Click the “Text Box” tool, which looks like an “A” on an index card, on the left side of the screen. Draw a text box at the top of the poster and type the poster headline, such as “Fun Run For the Animals” or “Kids’ Charity Fun Run, 5K.” Use the text toolbar at the top of the page to change the text’s font, size, position and colour.
Draw another text box lower on the poster and fill in information such as the date and time of the run, volunteer opportunities, sponsors, prizes and information about the charity that the run benefits.
Pull down the “Insert” menu, click “Picture” and select “Clip Art.” Type a word or phrase into the “Search for” box, such as “runner,” “race,” “marathon,” “sneakers” or “finishing line.” Click the “Go” button, scroll through the results and double-click a graphic to make it appear on the poster. Grab a corner of the image and shrink or increase the graphic to fit the poster.

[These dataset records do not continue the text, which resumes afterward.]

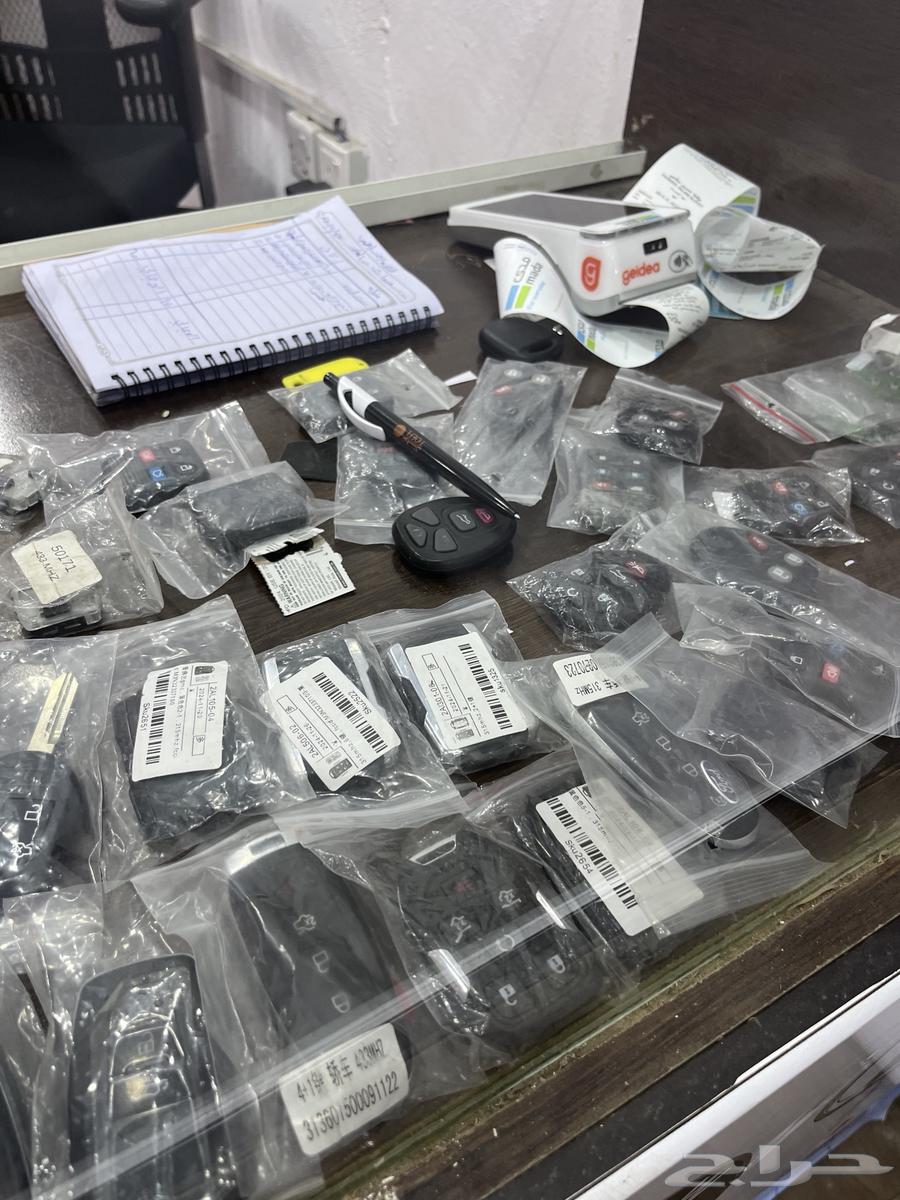 Programming all types of cars and unlocking house locks63326403202435114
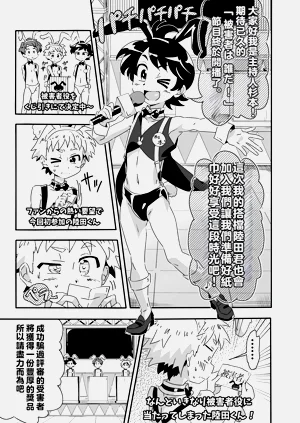 第4页图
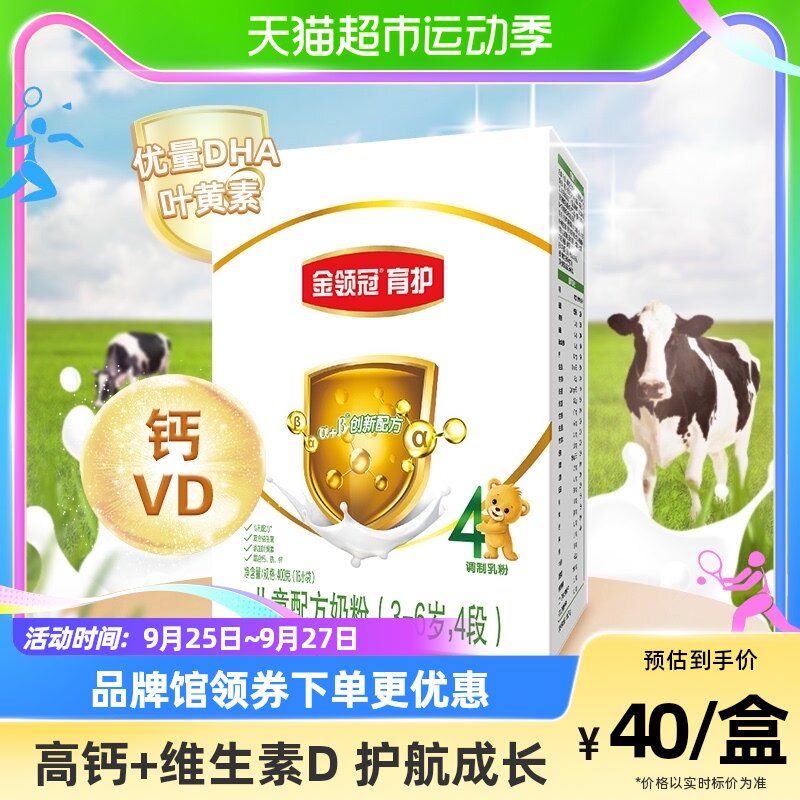 伊利金领冠育护4段奶粉400g×1盒3-6岁宝宝儿童配方奶粉高性价比高么？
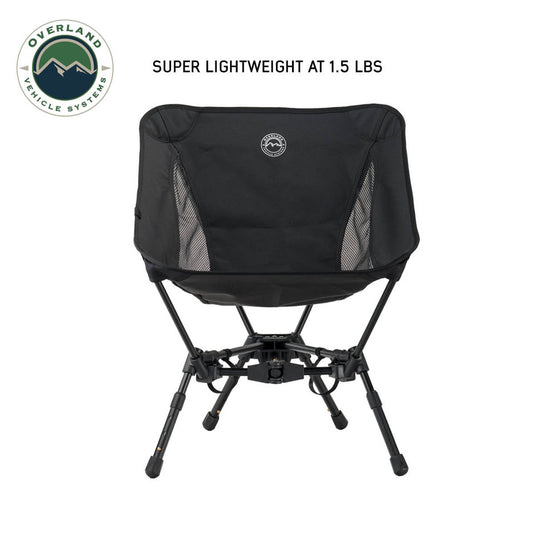 COMPACT CAMPING CHAIR - ALUMINUM BA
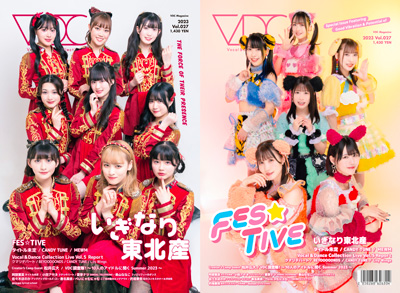 VDC Magazine 027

Pull down the “File” menu and click “Save As.” Give the poster a name, set a place to save it to, such as your desktop, and click the “Save” button.
Open Paint, click “File” and select “Open.” Browse to a digital logo of the fun run sponsor or any other picture to use for the poster and double-click the file, which opens it in Paint. Click the “Select” tool, which looks like a square made of dotted lines. Draw an outline around the image and press the “Ctrl” and “C” keys to copy it.

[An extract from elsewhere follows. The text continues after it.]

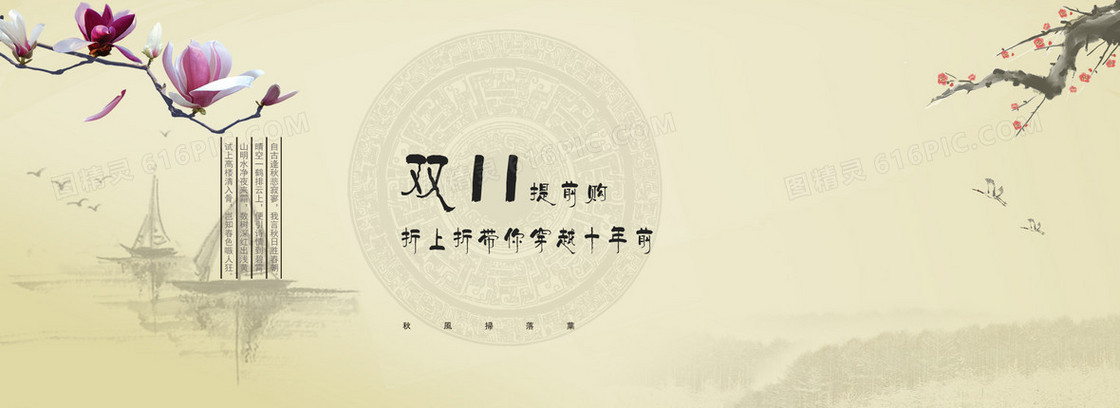 淘宝中国风banner背景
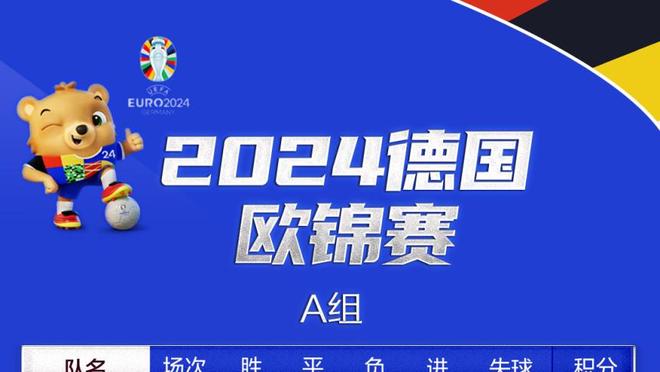 新利18体育娱乐官网登录截图2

Click “File” again and select “New.” Pull down the “Image” menu and click “Attributes.” Set your preferred poster size, such as 18 inches by 24 inches and click the “OK” button.
Press the “Ctrl” and “V” keys to paste in the copied selection, then drag it into place with your cursor. Click the “Text” tool, which looks like an “A,” and click above the picture. If a text toolbar does not appear, pull down the “View” menu and select “Text Toolbar.” Select a font and increase the font size to 150.
Type the fun run poster headline, such as “Join a Run Team Here” or “Raise Money for Infants.” Click below the poster, reduce the font size to 100 and add information, such as contact details about the logo sponsor, where to meet at the race, what to bring and how to register.
Click “File,” select “Save As,” name the poster and save it to your computer.
Open Word, click “File” and select “New.” When the “New Document” pane opens, type “poster” into the “Search online for” box and click “Go.” Scroll through the results, click a link to view a template and click the “Download” button to open the poster in your Word workspace.
Highlight the placeholder headline on the poster with your cursor and type your poster headline directly over the words. Use the text toolbar to change the words’ appearance. Repeat to change all of the placeholder text on the poster.
Click once on a placeholder graphic on the poster to give it focus, then press the delete key to remove it. Pull down the “Insert” menu, click “Picture” and select “From File.” Browse to a location on your computer where you have images for the poster, such as logos from sponsors or pictures from past runs. Double-click a file name, which opens the image on the poster. Repeat to add multiple images.
Add more artwork to the poster by clicking “Insert,” then “Picture,” then “Clip Art.” Type a word or phrase such as “run” or “race” into the “Search for” box and click “Go.” Scroll through the results, double-click a graphic and drag it into place on the poster.
Pull down the “File” menu, click “Save As,” type a name for the poster and set a destination for it on your computer.
Tips and warnings
- Most basic home printers cannot print anything larger than an 8.5-inch by 11-inch page of paper. For a fun run poster larger than that, save your files to a flash drive and take them to a print shop. Some shops will also let you e-mail your files to them. They can also print your posters on materials your home printer can’t work with, such as vinyl and foam board.